Из всех авраамических религий настоящее жертвоприношение животного, Курбан-байрам, сохранилось в одном лишь исламе, как если бы процесс сублимации в нем остановился на промежуточной фазе; но это не столь важно. Решающий фактор — само наличие сублимации, то, что насилие становится частью обряда и нейтрализуется им. Это и обеспечивает Курбан-байрам: осуществляя ограниченное насилие в определенных строгих рамках, обряд мешает ему пойти дальше и найти другие мишени. Просвещенная публика порой торопится разоблачить «жестокую» религию и приравнять ритуальное заклание барана к тому, что творят джихадистские палачи. Они проявляют тотальное непонимание этого обряда: далекий от прославления убийства, он воспроизводит поступок Авраама, когда тот пощадил своего сына, заменив на барана. Ислам предписывает приносить в жертву животное именно затем, чтобы прекратить человекоубийство. Тем авраамические религии и отличаются от нынешних секулярных религий, основанных на радикальной десублимации: одержимые смертельной ненавистью и лишенные обрядов, способных ее сублимировать, эти тоталитарные диспозитивы отдались безграничному террору и истреблению.

Значит ли это, что авраамическим религиям удалось навсегда порвать с архаическим насилием человеческих жертвоприношений?
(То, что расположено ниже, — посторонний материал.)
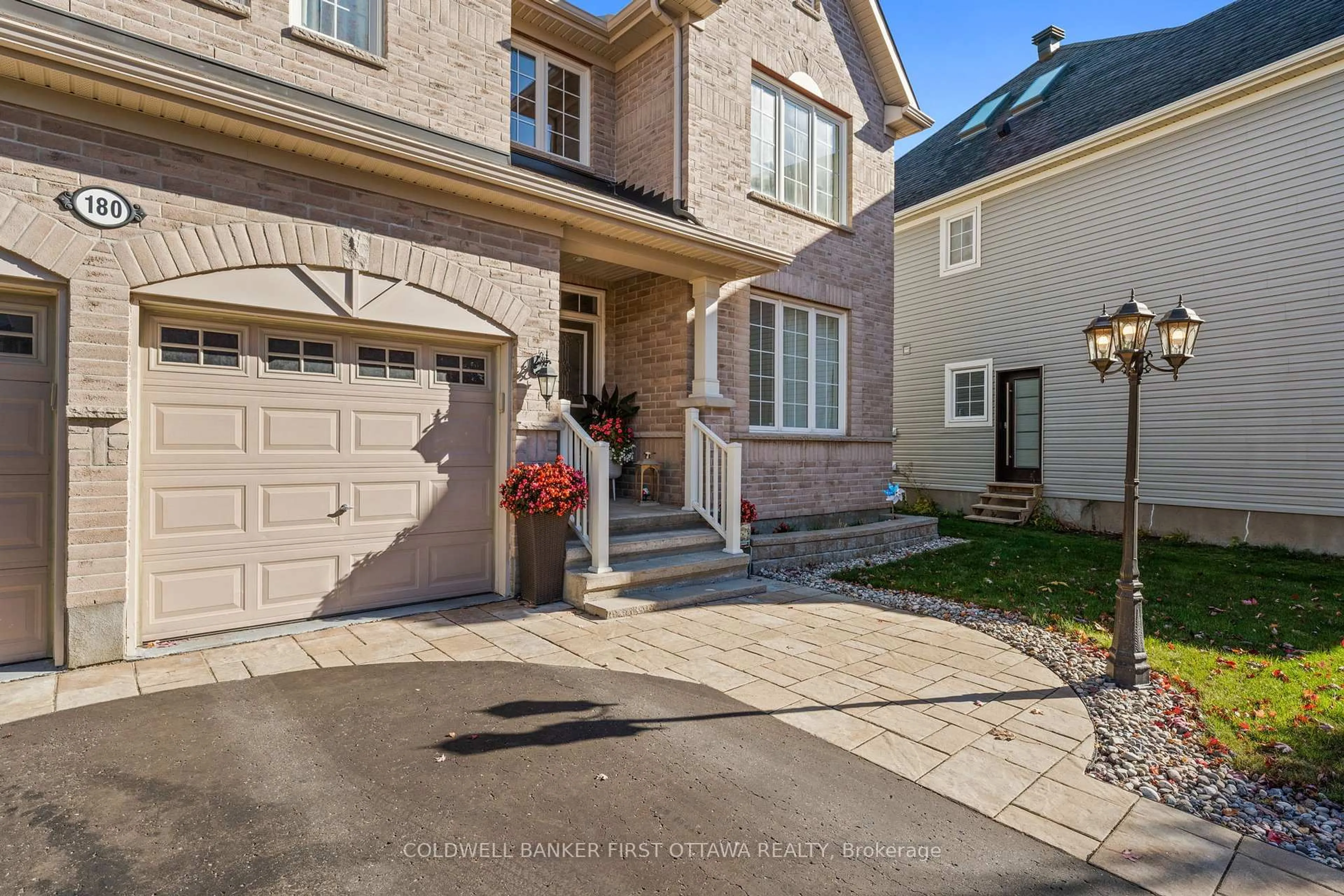 Home with brick exterior material, street for 180 Sunita Cres, Ottawa Ontario K2J 5S8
История показывает, что такой разрыв никогда не бывает необратимым. Как и Евхаристия, обряд Курбан-байрама не способен помешать фанатикам нести гибель во имя Бога. Более того, он может им

посодействовать, давая пример «благословленной Богом» сцены умерщвления. Если жертвенные диспозитивы и впрямь обратимы, если, будучи предназначены защищать нас от насилия, они могут порой ему благоприятствовать, то это потому, что они работают как линии идентификации. Верующий вполне может идентифицировать себя с животным на алтаре, о чем свидетельствует молитва, произнесенная когда-то в Магрибе жрецом во время Курбан-байрама: «О Господь, эта жертва и есть я, его плоть

— моя плоть, его кровь — моя кровь, его кожа — моя кожа, его кость — моя кость».
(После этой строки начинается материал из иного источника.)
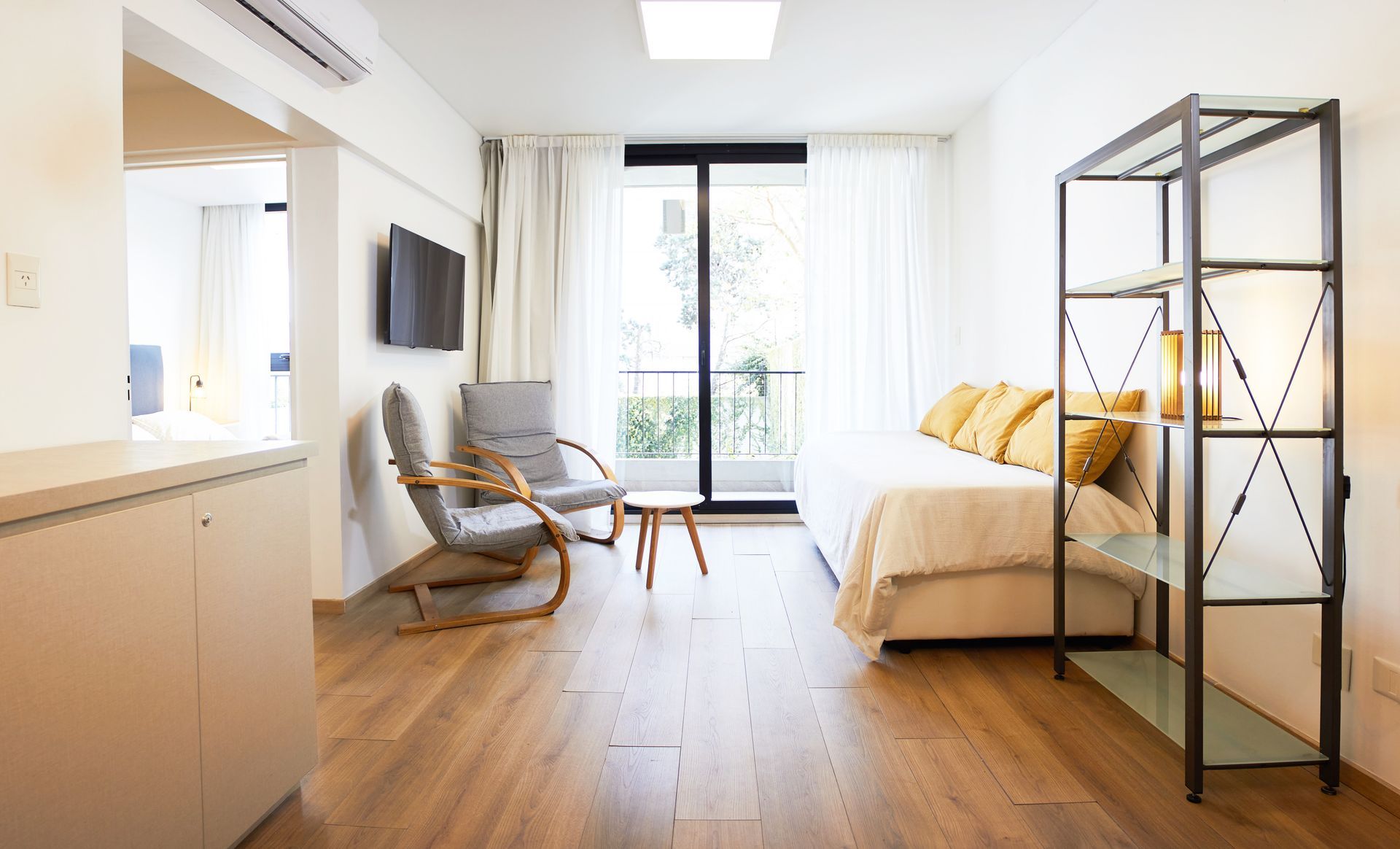 Estudio luminoso y minimalista con cama, silla, estanterías y grandes ventanales que dejan entrar la luz del sol.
Достаточно, таким образом, прервать процесс сублимации и устранить символическое измерение, чтобы эта идентификация с жертвой призвала к жертвоприношению самого себя. Ровно так же может случиться, что десублимация приведет ставших фанатиками верующих к идентификации со жрецом, приносящим человеческие жертвы. Такую сакрализацию убийства осудил Абдельвахаб Меддеб после резни, устроенной алжирскими джихадистами из «Вооруженной исламской группы». Зарезав своих жертв, они вернулись, по его мысли, к человеческому жертвоприношению, которое ислам запрещает: они решили «вернуться к зверю в человеке» и «воспроизвести символический акт в действительном». Если он прав, это в корне переворачивает весь смысл обряда. Тогда как он был введен для замены человека животным, убийцы прикидываются жрецами и воображают, будто религия обязывает их к людским жертвоприношениям.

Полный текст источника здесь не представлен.